Hoje, 14, a favela da Rocinha, zona sul do Rio de Janeiro amanheceu em meio a um intenso tiroteio, com ao menos um morto e três feridos. Em meio ao caos, uma profissional da saúde que trabalha na Rocinha escreveu um texto de revolta com toda essa violência em meio a uma pandemia. Seu nome, idade e cargo não serão mencionados, a pedido da profissional. Segue abaixo o relato.
“Eu não posso sair de casa, não posso ir à praia, e agora com esse tiroteio, fico sem luz. Eu odeio isso aqui.”
O baile acontecia, o resto da comunidade dormia. Muitos tiros. Muitos disparos. Granada. Parece a guerra de novo! O que tá acontecendo? É na Vila Verde! É na Cidade Nova, foi no Boiadeiro! É na Rocinha toda. Muito policial, muito policial. Não sei o que tá acontecendo. Tô sem energia! Aqui também. Aqui também. Estamos todos. Estou sem sinal de internet, só com a banda larga. Mãe! tô passando aqui! O salão novo tá todo esburacado! Moto, carro, casa, tá tudo esburacado! Ih, acabei de acordar, tomei remédio para dormir e acordei agora sem energia, aconteceu alguma coisa? Aconteceu sim! Vídeo-de-tiroteio. Meu deus! Você viu como tá a Clínica da Família?
Toda esburacada, fuzilada. É domingo e o complexo da UPA, da Clínica da Família e do CAPS amanheceu pipocado. Computador com tiro de fuzil, balas em cima de documentos de saúde. Os profissionais da Clínica da Família e do CAPS não trabalham dia de domingo, mas e a UPA? Não conheço ninguém da UPA para saber se ficaram bem. As cadeiras do consultório com buraco, no lugar do encosto das costas. O refeitório com muitos buracos.
Eu não moro na Rocinha. Sou uma profissional da saúde branca que moro na Zona Sul do Rio de Janeiro.

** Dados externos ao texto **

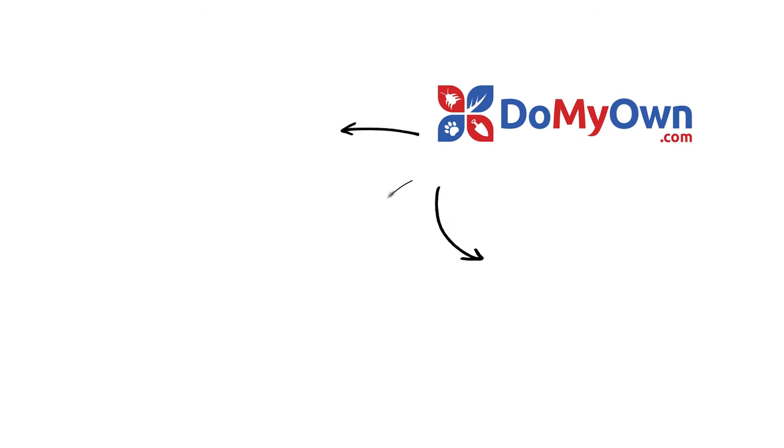And it's that easy with the expert help from DoMyOwn.com. Subscribe to our channel for more DIY and product videos.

Mas e as pessoas com quem trabalho que moram lá? Eu odeio isso. E as pacientes que cuido? Como faço para falar com cada um? Com cada uma? Já sei! Tem pelo menos um grupo de WhatsApp de paciente que posso mandar mensagem. Mas nem todo mundo me responde! Tenho que mandar para cada uma?
E amanhã? Como será trabalhar na clínica furada? Não podemos abrir em vermelho, porque no protocolo diz que para ser classificada com vermelho de sangue, só se tiver tido tiro na última hora sem parar. Desde que entrei, nunca vi a clínica fechar. Temos de trabalhar. Polícia subindo o morro, eu fazendo visita domiciliar. Fogos, fogos, fogos. Desço o morro e passo por três bocas. Eu e as agentes comunitárias morrendo de medo e abraçadas. Fogos, fogos, fogos. Tá tudo bem. Eu vou dormir fora, e os que ficam? Não posso dizer para virem aqui para casa, não cabe todo mundo e o deslocamento ia ser ainda mais perigoso. Melhor ficar em casa. Fique em casa. Rocinha morre de Corona ou de polícia?
Polícia morre também. Melhor não ter polícia. Polícia dá medo. Bandido dá medo também. Pelo menos conheço os vizinhos e familiares. Nunca me desrespeitaram, nunca me assediaram e me chamam de tia. São uns magrinhos. Tem fuzil que é maior que os meninos. Eles descansam a cabeça na hora do banzo no fuzil. Tem fuzil estampado. O preto básico, o estampa floresta e o estampa flamengo.
Esse tico de gente- polícia e os meninos- estão no meio de uma imensidão de gente. Em casa. Estão em casa. A Rocinha inteira está em casa. Corona não fez a Rocinha parar quieta, mas tiro faz. Não sai de casa. Fica no banheiro abraçada com os filhos, porque o azulejo é mais grosso. Rocinha faz isolamento social com combate entre polícia e os meninos.
E amanhã? Como vai ser trabalhar? Disseram que da última vez, no dia seguinte já haviam colocado gesso. Vai ser terrível ver os buracos, me disseram, mas com o tempo você se acostuma.
O espaço amplo da clínica no meio da Rocinha, é uma lembrança diária de direito civil
conquistado, o SUS. Lembrança de que o povo pode ter voz. Em meio a tantas casinhas
apertadas, a curva do S da Rocinha é ocupada pelo quase colosso complexo do SUS. É memória física e fixa de que o povo tem direito de viver. Mas somos frágeis, nossa estrutura de latão, agora toda esburacada, é lembrança também de que as vidas pretas podem não importar tanto. Corpos favelados podem ser esburacados mesmo quando estão sendo cuidados.
É tiro e é pânico dentro de casa. É tiro e é buraco na alma. É tiro no SUS. É tiro no povo da Rocinha.